Analyze Pacemaker logs in Cloud Logging

The following video shows how you can start troubleshooting high-availability configurations for SAP on Google Cloud using Cloud Logging.

Failed node in a Linux cluster doesn't restart properly after a failover

If your Linux high-availability cluster uses the fence_gce fence agent and a fenced VM fails to rejoin the cluster after a failover, you might need to delay the start of the Corosync software when fenced VMs restart.

Issue

During a failover, the fence_gce agent fences the failed Compute Engine VM, which reboots and rejoins the cluster before Pacemaker registers the fence action as complete. Because the fence action is not registered as complete, the rebooted VM shuts down its Pacemaker and Corosync services and leaves the cluster.

Diagnosis

To confirm that this is your issue:

Make sure that your cluster is using the fence_gce agent:

RHEL

pcs config

SLES

crm config show

The fence agent definition includes fence_gce.

RHEL

Stonith Devices:
Resource: STONITH-example-ha-vm1 (class=stonith type=fence_gce)
Attributes: port=example-ha-vm1 project=example-project-123456 zone=us-central1-a
Operations: monitor interval=300s timeout=120s (STONITH-example-ha-vm1-monitor-interval-60s)
Resource: STONITH-example-ha-vm2 (class=stonith type=fence_gce)
Attributes: port=example-ha-vm2 project=example-project-123456 zone=us-central1-c
Operations: monitor interval=300s timeout=120s (STONITH-example-ha-vm2-monitor-interval-60s)

SLES

primitive fence-example-ha-vm1 stonith:fence_gce \
 op monitor interval=300s timeout=120s \
 op start interval=0 timeout=60s \
 params port=example-ha-vm1 zone=us-central1-a project=example-project-123456
primitive fence-example-ha-vm2 stonith:fence_gce \
 op monitor interval=300s timeout=120s \
 op start interval=0 timeout=60s \
 params port=example-ha-vm2 zone=us-central1-c project=example-project-123456

Check the system log for the following messages:

DATESTAMP> node2 stonith-ng[1106]:  notice: Operation reboot of node2 by node1 for stonith_admin.1366@node1.c3382af8: OK
DATESTAMP> node2 stonith-ng[1106]:   error: stonith_construct_reply: Triggered assert at commands.c:2343 : request != NULL
DATESTAMP> node2 stonith-ng[1106]: warning: Can't create a sane reply
DATESTAMP> node2 crmd[1110]:    crit: We were allegedly just fenced by node1 for node1!
DATESTAMP> node2 pacemakerd[1055]: warning: Shutting cluster down because crmd[1110] had fatal failure

Solution

Configure the operating systems in both cluster nodes to delay the start of Corosync to ensure the fence action has time to register as complete with Pacemaker on the new primary node. Also, set the Pacemaker reboot timeout value to account for the delay.

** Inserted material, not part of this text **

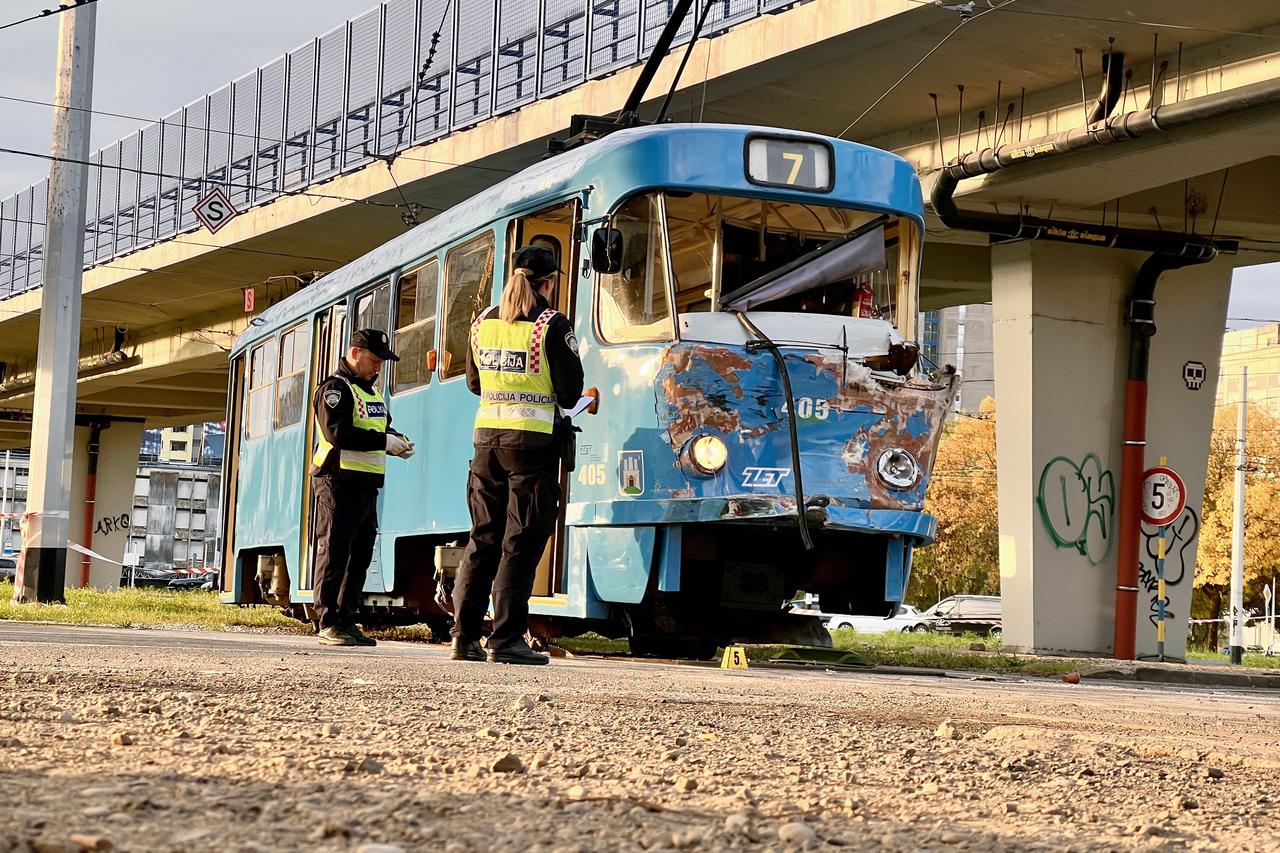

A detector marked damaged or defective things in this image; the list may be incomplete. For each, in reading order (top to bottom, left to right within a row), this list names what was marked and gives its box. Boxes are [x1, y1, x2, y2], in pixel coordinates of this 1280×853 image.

To configure a delayed start of Corosync:

Put the cluster in maintenance mode:

RHEL

pcs property set maintenance-mode=true

SLES

crm configure property maintenance-mode="true"

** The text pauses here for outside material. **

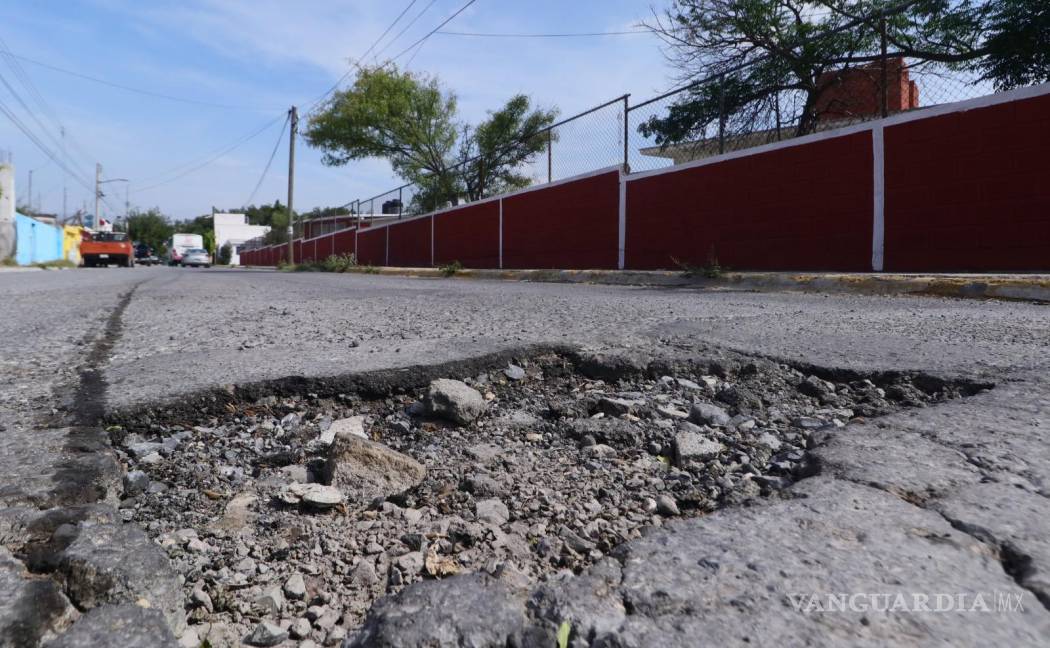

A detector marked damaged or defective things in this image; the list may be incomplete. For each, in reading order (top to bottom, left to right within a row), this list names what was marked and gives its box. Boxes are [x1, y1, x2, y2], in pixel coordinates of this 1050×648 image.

cracked asphalt [2, 266, 1048, 644]
large pothole [102, 352, 988, 644]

On each cluster node as root, set a start delay for Corosync:
1. Create a systemd drop-in file:
```
systemctl edit corosync.service
```
2. Add the following lines to the file:
```
[Service]
ExecStartPre=/bin/sleep 60
```
3. Save the file and exit the editor.
4. Reload the systemd manager configuration.
```
systemctl daemon-reload
```
On either cluster node as root, verify that the Pacemaker timeout value for reboots is set for both fence agents:
1. Check the pcmk_reboot_timeout value:
```
crm_resource --resource FENCE_AGENT_NAME --get-parameter=pcmk_reboot_timeout
```
  Replace FENCE_AGENT_NAME with the name of the fence agent.
2. If the pcmk_reboot_timeout parameter is not found or is set to a value that is smaller than 300, set the value on both fence agents:
```
crm_resource --resource FENCE_AGENT_NAME --set-parameter=pcmk_reboot_timeout --parameter-value=300
```
  Replace FENCE_AGENT_NAME with the name of the fence agent.
  
  The pcmk_reboot_timeout value should be greater than the sum of:
  - The Corosync token timeout
  - The Corosync consensus timeout, which by default is the product of token * 1.2
  - The length of time it takes a reboot operation to complete, including any delay attribute.
  On Google Cloud, 300 seconds is sufficient for most clusters.
3. Confirm the new pcmk_reboot_timeout value:
```
crm_resource --resource FENCE_AGENT_NAME --get-parameter=pcmk_reboot_timeout
```
  Replace FENCE_AGENT_NAME with the name of the fence agent.

Take the cluster out of maintenance mode:

RHEL

pcs property set maintenance-mode=false

SLES

crm configure property maintenance-mode="false"

Unintentional node affinity that favors a particular node

When you manually move resources in a high-availability cluster using the cluster commands, you find that an automatic affinity or client preference is set to favor a particular node.

Issue

In your Linux Pacemaker high-availability cluster for SAP HANA or SAP NetWeaver, resources such as SAP HANA system or SAP NetWeaver central services only run on one particular cluster node and do not fail over as expected during a node failure event.

Consequently, you might experience issues such as:

When you trigger the SAP NetWeaver ASCS service failover by issuing a Pacemaker command to move a resource to a cluster node, the resource does not start and shows the status stopped.
When you issue the standby command to one cluster node to force all resources to move to the other node, the resources do not start.

Diagnosis

Check your Pacemaker logs for the message that mentions a particular resource cannot run anywhere. For example:
```
2021-05-24 21:39:58 node_1 pacemaker-schedulerd (native_color) info:
 Resource NW1-ASCS01 cannot run anywhere
```
Check your Pacemaker location constraint configuration to identify any constraints that might be preventing the resources from running on a certain cluster node.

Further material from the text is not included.